**Task directions**
Once the data has been read, print it back in full, exactly.

Web page caption snippets

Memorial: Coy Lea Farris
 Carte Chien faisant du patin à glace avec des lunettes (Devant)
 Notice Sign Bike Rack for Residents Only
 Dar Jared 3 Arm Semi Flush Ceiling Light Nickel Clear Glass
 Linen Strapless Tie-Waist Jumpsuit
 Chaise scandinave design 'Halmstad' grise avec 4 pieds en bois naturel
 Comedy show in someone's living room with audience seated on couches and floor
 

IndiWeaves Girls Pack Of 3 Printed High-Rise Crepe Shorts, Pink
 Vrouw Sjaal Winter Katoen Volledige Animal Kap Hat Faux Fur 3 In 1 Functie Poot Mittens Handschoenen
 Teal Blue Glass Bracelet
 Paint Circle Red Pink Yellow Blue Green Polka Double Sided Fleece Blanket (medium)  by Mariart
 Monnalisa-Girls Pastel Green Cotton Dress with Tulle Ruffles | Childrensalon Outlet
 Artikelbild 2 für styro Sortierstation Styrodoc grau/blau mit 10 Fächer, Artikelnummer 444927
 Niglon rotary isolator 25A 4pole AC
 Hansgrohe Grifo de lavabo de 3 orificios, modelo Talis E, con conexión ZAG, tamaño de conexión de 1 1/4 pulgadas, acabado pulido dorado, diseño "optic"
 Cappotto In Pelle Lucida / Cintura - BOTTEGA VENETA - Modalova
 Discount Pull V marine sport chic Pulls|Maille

**Answer area**
Memorial: Coy Lea Farris
 Carte Chien faisant du patin à glace avec des lunettes (Devant)
 Notice Sign Bike Rack for Residents Only
 Dar Jared 3 Arm Semi Flush Ceiling Light Nickel Clear Glass
 Linen Strapless Tie-Waist Jumpsuit
 Chaise scandinave design 'Halmstad' grise avec 4 pieds en bois naturel
 Comedy show in someone's living room with audience seated on couches and floor
 

IndiWeaves Girls Pack Of 3 Printed High-Rise Crepe Shorts, Pink
 Vrouw Sjaal Winter Katoen Volledige Animal Kap Hat Faux Fur 3 In 1 Functie Poot Mittens Handschoenen
 Teal Blue Glass Bracelet
 Paint Circle Red Pink Yellow Blue Green Polka Double Sided Fleece Blanket (medium)  by Mariart
 Monnalisa-Girls Pastel Green Cotton Dress with Tulle Ruffles | Childrensalon Outlet
 Artikelbild 2 für styro Sortierstation Styrodoc grau/blau mit 10 Fächer, Artikelnummer 444927
 Niglon rotary isolator 25A 4pole AC
 Hansgrohe Grifo de lavabo de 3 orificios, modelo Talis E, con conexión ZAG, tamaño de conexión de 1 1/4 pulgadas, acabado pulido dorado, diseño "optic"
 Cappotto In Pelle Lucida / Cintura - BOTTEGA VENETA - Modalova
 Discount Pull V marine sport chic Pulls|Maille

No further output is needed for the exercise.